**Your goal**:
If a line below contains "Land", count it. Report the final total and nothing more.

--- Extracted records Enclosed Below ---

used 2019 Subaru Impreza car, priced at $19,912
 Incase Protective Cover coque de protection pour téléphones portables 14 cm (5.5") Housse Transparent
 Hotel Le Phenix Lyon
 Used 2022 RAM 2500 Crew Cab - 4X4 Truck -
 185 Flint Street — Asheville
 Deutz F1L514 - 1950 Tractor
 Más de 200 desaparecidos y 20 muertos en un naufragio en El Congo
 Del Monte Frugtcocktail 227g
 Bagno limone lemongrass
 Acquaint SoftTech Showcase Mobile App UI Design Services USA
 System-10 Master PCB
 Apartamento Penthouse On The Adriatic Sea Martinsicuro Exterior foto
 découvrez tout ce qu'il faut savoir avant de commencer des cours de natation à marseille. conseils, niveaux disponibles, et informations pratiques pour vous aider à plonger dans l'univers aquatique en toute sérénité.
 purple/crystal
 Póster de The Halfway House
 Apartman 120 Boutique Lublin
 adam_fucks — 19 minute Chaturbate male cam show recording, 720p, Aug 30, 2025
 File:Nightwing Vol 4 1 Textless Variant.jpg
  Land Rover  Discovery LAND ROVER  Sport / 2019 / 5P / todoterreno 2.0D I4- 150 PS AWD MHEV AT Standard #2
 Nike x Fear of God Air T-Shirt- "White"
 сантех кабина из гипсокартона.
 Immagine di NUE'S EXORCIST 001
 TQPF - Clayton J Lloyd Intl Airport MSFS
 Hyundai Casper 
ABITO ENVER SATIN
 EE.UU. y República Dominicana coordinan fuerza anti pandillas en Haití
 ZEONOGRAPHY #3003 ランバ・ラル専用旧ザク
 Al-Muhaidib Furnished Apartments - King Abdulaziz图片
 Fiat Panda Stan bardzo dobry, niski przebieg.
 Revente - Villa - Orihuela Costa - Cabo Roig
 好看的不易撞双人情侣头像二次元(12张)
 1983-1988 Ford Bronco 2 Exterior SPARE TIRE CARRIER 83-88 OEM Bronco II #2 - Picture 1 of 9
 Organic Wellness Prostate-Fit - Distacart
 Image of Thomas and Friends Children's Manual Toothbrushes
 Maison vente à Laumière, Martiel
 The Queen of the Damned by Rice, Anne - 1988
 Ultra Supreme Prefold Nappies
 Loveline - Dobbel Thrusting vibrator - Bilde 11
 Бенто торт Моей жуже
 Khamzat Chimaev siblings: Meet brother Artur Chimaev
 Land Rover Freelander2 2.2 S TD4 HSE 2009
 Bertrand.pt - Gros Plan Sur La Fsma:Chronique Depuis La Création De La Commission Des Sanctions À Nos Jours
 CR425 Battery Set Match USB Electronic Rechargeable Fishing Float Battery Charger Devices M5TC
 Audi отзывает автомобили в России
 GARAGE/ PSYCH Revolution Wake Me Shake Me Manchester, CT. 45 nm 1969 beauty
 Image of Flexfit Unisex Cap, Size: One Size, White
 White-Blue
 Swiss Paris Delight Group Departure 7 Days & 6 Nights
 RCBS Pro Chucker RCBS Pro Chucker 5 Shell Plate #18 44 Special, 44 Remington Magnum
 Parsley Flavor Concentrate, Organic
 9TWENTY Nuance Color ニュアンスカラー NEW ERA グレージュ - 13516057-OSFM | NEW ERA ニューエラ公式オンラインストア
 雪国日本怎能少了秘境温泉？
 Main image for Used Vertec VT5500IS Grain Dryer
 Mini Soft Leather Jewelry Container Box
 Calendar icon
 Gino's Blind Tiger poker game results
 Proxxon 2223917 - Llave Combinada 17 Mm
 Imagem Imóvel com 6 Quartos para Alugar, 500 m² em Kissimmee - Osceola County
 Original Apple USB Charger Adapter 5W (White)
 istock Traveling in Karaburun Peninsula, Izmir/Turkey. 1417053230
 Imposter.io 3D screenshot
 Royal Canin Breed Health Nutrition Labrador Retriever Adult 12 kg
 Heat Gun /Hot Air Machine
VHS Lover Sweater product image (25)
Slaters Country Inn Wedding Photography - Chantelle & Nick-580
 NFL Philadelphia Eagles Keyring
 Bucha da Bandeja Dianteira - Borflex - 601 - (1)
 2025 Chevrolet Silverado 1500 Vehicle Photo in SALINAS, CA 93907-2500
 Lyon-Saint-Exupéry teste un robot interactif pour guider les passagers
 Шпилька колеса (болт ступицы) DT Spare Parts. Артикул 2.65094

--- End of Enclosed Extracted records ---

**Output of the exercise**:
2